According to the Associated Press, the newly declassified documents show that a U.S. diplomat assured a top Taliban official that international sanctions on that country would be lifted if it expelled Osama bin Laden.
In a secret cable to Washington sent in 2000, then-Ambassador William B. Milam detailed his contacts with the Taliban, saying he told the unnamed official: "If the U.S. and the Taliban could get past bin Laden, we would have a different kind of relationship."
Other documents released by the National Security Archive on Thursday chart several years of unsuccessful U.S. attempts to drive bin Laden out of Afghanistan, the AP said.

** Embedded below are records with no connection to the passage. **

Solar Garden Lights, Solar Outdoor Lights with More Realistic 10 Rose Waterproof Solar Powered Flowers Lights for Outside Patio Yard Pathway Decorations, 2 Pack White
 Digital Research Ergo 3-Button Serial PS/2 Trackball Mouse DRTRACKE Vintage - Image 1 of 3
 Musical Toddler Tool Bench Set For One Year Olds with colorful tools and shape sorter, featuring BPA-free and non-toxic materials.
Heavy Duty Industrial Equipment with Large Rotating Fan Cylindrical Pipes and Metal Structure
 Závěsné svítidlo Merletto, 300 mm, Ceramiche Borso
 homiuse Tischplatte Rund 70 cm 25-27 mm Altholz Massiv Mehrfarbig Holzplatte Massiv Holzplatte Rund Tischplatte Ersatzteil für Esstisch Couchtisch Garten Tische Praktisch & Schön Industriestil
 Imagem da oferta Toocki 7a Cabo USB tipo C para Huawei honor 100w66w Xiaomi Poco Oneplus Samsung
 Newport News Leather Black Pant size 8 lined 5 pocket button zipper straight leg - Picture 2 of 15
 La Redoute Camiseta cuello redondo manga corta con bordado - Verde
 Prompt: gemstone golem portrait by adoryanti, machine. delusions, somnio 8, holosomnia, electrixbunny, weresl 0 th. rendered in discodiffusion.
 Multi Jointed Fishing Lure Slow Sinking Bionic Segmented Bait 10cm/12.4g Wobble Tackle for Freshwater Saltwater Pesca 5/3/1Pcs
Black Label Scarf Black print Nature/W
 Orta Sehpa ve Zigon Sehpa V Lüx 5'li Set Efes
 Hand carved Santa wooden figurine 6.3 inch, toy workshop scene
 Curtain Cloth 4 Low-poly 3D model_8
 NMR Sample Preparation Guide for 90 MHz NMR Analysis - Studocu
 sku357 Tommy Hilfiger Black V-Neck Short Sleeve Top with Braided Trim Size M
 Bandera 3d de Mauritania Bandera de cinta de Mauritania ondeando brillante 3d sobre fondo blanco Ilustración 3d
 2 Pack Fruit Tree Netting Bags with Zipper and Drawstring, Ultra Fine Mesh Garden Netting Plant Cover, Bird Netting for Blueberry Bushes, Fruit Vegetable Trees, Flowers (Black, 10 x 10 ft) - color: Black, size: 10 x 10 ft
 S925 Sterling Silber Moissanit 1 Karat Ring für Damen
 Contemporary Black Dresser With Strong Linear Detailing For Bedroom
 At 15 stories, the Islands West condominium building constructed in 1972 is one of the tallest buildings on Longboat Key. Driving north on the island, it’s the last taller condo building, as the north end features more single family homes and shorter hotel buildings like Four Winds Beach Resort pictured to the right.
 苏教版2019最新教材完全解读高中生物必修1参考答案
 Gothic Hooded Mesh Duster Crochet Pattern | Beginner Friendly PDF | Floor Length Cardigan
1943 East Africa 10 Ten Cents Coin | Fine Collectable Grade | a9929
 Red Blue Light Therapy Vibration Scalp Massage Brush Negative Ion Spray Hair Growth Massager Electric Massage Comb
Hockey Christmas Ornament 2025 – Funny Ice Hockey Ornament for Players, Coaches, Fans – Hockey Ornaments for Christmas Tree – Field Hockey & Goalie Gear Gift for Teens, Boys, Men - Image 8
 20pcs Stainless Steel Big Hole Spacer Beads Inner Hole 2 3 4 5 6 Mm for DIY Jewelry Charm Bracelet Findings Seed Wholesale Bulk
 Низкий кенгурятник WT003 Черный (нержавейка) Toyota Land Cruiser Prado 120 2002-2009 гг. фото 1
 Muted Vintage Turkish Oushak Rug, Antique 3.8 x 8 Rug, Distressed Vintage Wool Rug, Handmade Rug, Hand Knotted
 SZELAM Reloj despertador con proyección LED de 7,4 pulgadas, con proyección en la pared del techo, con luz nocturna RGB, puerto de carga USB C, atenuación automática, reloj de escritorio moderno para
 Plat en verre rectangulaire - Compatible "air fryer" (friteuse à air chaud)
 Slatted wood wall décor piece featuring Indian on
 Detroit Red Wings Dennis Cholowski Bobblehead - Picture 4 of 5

In 2002, President Clinton admitted he turned down an offer from Sudan to arrest bin Laden and hand him over to the U.S. before he fled the country to Afghanistan:
"I did not bring him here because we had no basis on which to hold him, though we knew he wanted to commit crimes against America," Clinton explained.
"So I pleaded with the Saudis to take him, 'cause they could have. But they thought it was a hot potato and they didn't and that's how he wound up in Afghanistan."
As bin Laden prepared to make the move, the State Department warned that "his prolonged stay in Afghanistan -- where hundreds of 'Arab mujahedeen' receive terrorist training and key extremist leaders often congregate -- could prove more dangerous to U.S. interests in the long run than his three-year liaison with Khartoum."